D’un marabout l’autre est l’extrait d’un volumineux journal de route de Georges Lapassade dont nous conservons une partie manuscrite inédite.
Tous les Souiris, les amis de Georges Lapassade et d’Essaouira se sentirent comblés et fiers de cette honorable attention royale, ce geste inattendu et cette précieuse reconnaissance des efforts louables déployés par Georges Lapassade et par tous ses disciples.
Aujourd’hui Georges Lapassade n’est plus. Il a joué un rôle déterminant dans la valorisation et la diffusion du patrimoine d’Essaouira et de sa région (cf. notre article Mogador ville à vivre ou… à vendre ? dans L’Opinion du 30 Juin 2000). Cet infatigable homme de terrain a tracé et balisé d’importantes pistes de recherche concernant l’histoire de la ville et de sa région, la muséographie, l’ethnographie, les confréries religieuses, les chansons populaires, etc.
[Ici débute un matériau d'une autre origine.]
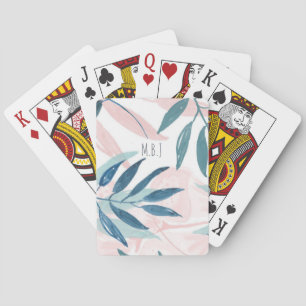 Elegant Watercolor Pastel Leaves Monogram Playing Cards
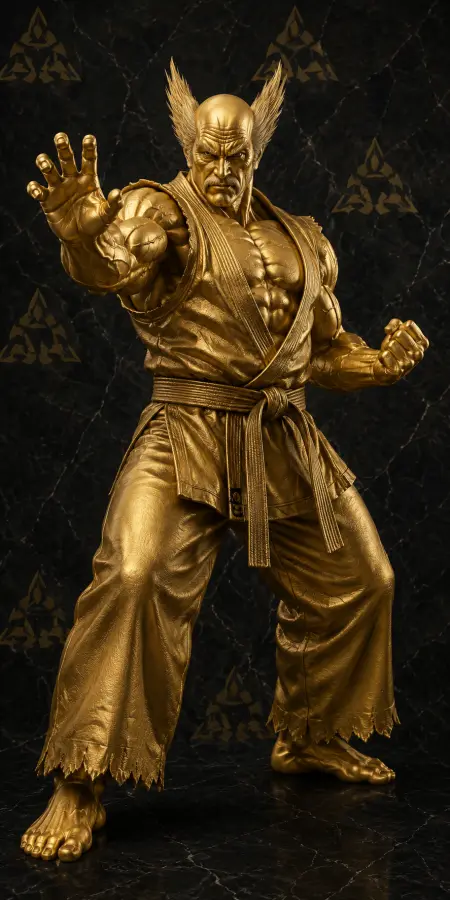 Golden Statue Of Heihachi Mishima Fighting Stance — ue5 phone wallpaper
« Votre présence sur le terrain, et sans doute l’amitié qui vous anime à l’endroit du Maroc et d’Essaouira en particulier, sont à juste titre, ajoutait la lettre Royale, autant d’éléments qui ont donné à votre travail toute sa force et quintessence. » La bonne parole royale venait à point conforter le coeur de Georges Lapassade que la maladie empêchait, à la fin de sa carrière, de retourner dans le Royaume et la ville qu’il a tant aimés.
Essaouira regorge aujourd’hui de moyens humains, financiers et matériels pour créer une structure permanente (Centre de Recherche…) capable de mobiliser, en priorité les compétences locales en mesure de continuer les recherches à peine entamées par Georges Lapassade, mais aussi par Boujemaâ Lakhdar, Tayeb Souiri, Edmond Amrane Elmaleh, Houcine Milloudi, Ahmed Elhadri, Abdallah Guenouni, et bien d’autres créateurs et chercheurs qui ont marqué le paysage artistique et culturel de la ville.